## SUPPLIED DATA
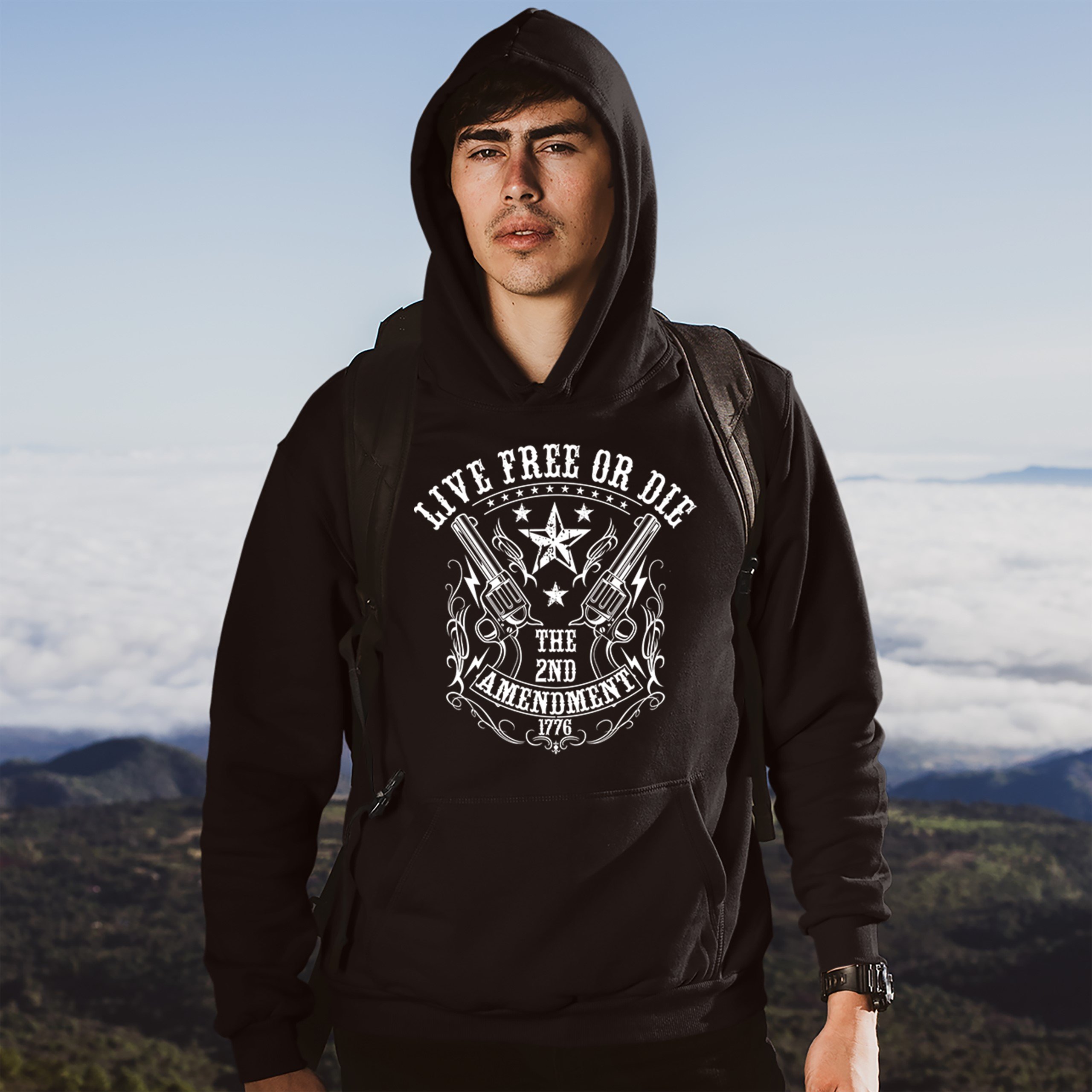 Live Free or Die Sweatshirt The 2nd Amendment 1776 Patriotic Gun Owner Hoodie - Picture 5 of 26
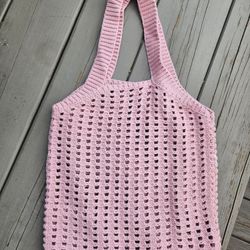 New Pink Crochet Tote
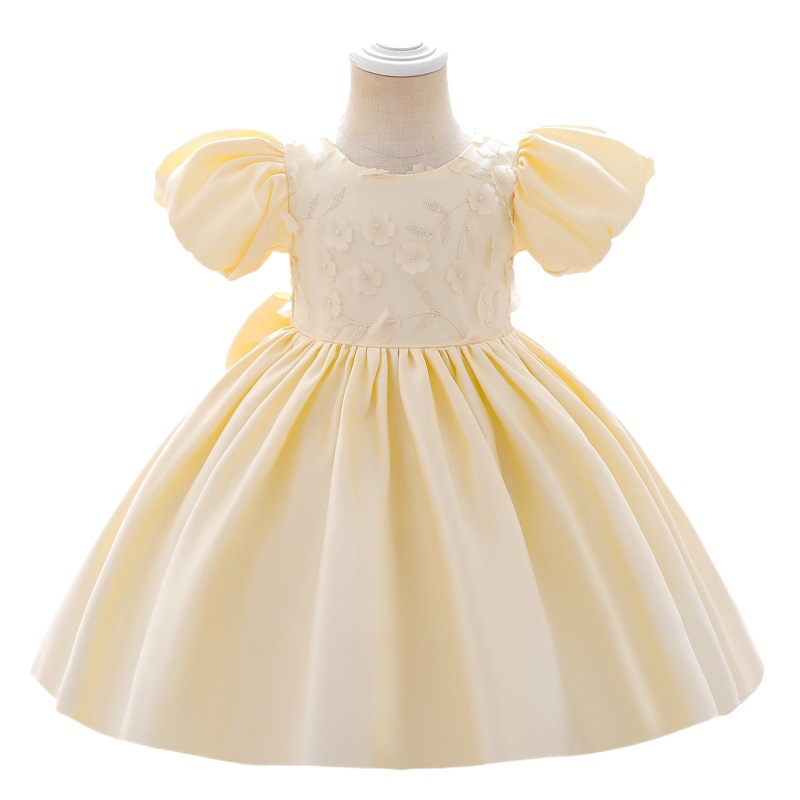 Girls' Wash Dress Children's Bubble Sleeve Satin Dress Big Butterfly Flower Children's Puff Dress Wedding Party Dress Princess Dress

## WHAT IS EXPECTED
The whole of the data above needs retyping exactly, with pictures omitted.

## ANSWER TO THE EXERCISE
 Live Free or Die Sweatshirt The 2nd Amendment 1776 Patriotic Gun Owner Hoodie - Picture 5 of 26
 New Pink Crochet Tote
 Girls' Wash Dress Children's Bubble Sleeve Satin Dress Big Butterfly Flower Children's Puff Dress Wedding Party Dress Princess Dress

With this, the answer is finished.